Singapore’s Drive for Cleaner Energy And Commitment to a Greener Future

Singapore, renowned for its forward-thinking approach to energy sustainability, has refrained from deciding on deploying nuclear energy. However, the city-state remains committed to exploring diversified energy sources, with a keen eye on the potential of nuclear energy in its change towards a low-carbon future. Minister for Trade and Industry Gan Kim Yong affirmed this stance during his remarks at the Singapore International Energy Week on October 23.

The Energy 2050 Committee Report, issued last year, identified nuclear energy as a viable pathway to achieving net-zero emissions by 2050, potentially supplying up to 10 percent of the country’s energy needs. However, Minister Gan emphasized that the government has not decided on nuclear energy and instead focused on strengthening its capabilities in nuclear safety, emergency preparedness, and response.
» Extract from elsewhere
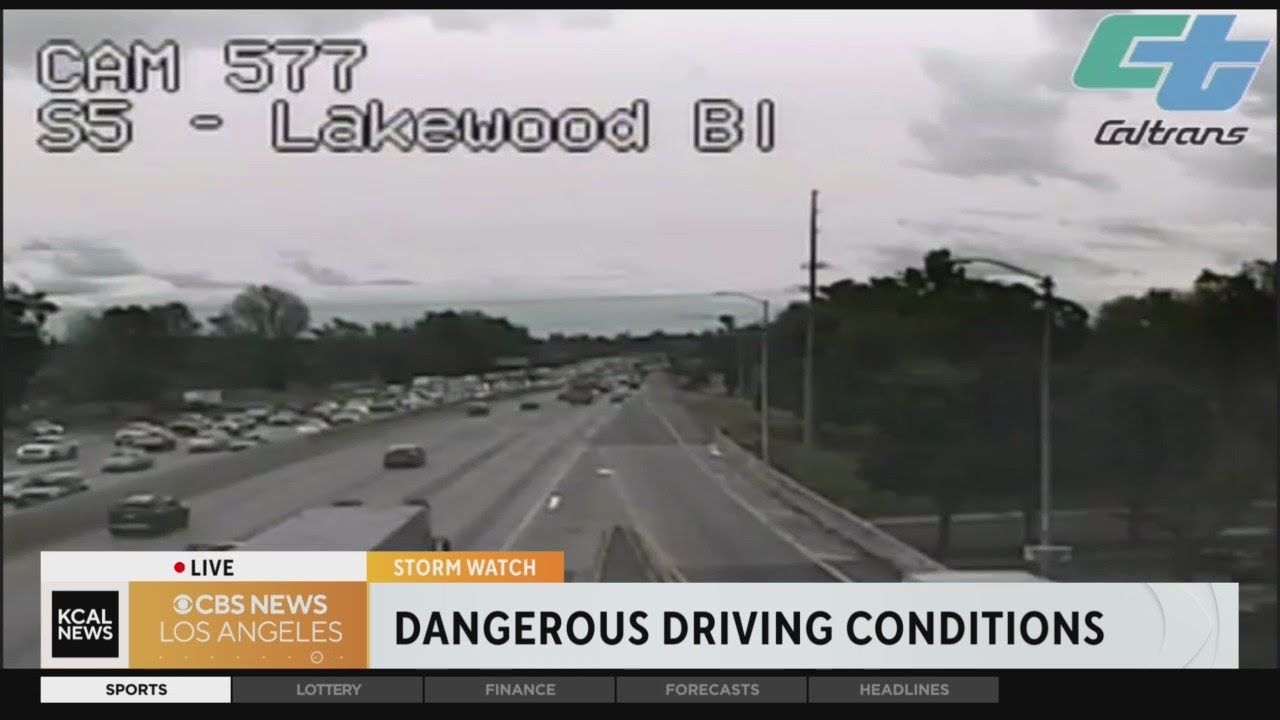Caltrans provides up-to-date road conditions: Avoid nonessential travel Thursday
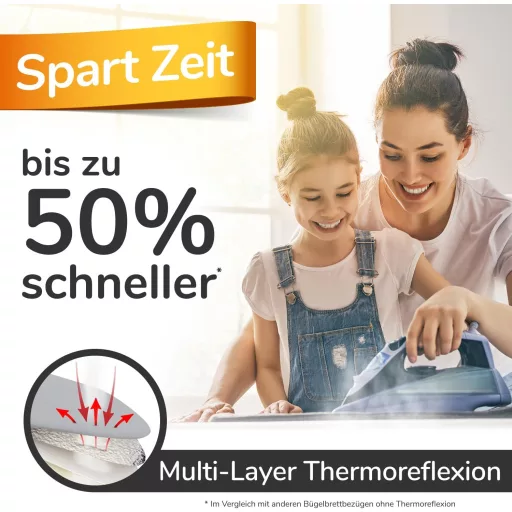smart&gentle Szuperlágy Vasalóalátét 140x40cm Német Gyártás Oeko-Tex Pamut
Singapore’s initial pre-feasibility study on nuclear energy, conducted over a decade ago, deemed the available technologies unsuitable for deployment in the city-state. Nevertheless, Singapore recognizes the need to familiarize itself with advanced nuclear energy technologies that offer enhanced safety and cost competitiveness. This strategy allows for serious consideration once these technologies become viable.

To bolster its knowledge and expertise, Singapore is collaborating with international organizations like the International Atomic Energy Agency (IAEA) and neighboring countries to facilitate information exchange and collectively enhance the region’s capabilities. Small modular reactors, which are designed to cool passively and safely during emergencies without external intervention, have piqued Singapore’s interest as a potentially safer alternative to conventional large-scale reactors.

Aside from nuclear energy, Singapore has made significant strides in pursuing alternative low-carbon energy sources, notably hydrogen. The Energy Market Authority (EMA) and the Maritime and Port Authority of Singapore have shortlisted six consortiums to develop low or zero-carbon ammonia power generation and bunkering projects on Jurong Island. The project aims to provide a cleaner energy solution, with ammonia as a prominent carrier due to its established international supply chain.

Singapore’s National Hydrogen Strategy, announced last year, has been pivotal in experimenting with advanced hydrogen technologies approaching commercial readiness. Based on the Request for Proposal, the government will select a lead developer for the project. This groundbreaking initiative will test and deploy ammonia as a fuel source, generating electricity and enabling ammonia bunkering on a significant scale, thus setting a global precedent for the future of energy.

Despite the potential for cleaner energy sources, the EMA chief executive, Ngiam Shih Chun, acknowledges that costs may initially be higher. However, he highlights that technological advancements have historically led to cost reductions, as seen in the case of solar energy. To embrace these new technologies, consumers may need to accept higher energy costs, necessitating measures such as carbon taxation to factor in externalities. This aligns with Singapore’s commitment to building a more sustainable and environmentally responsible energy future.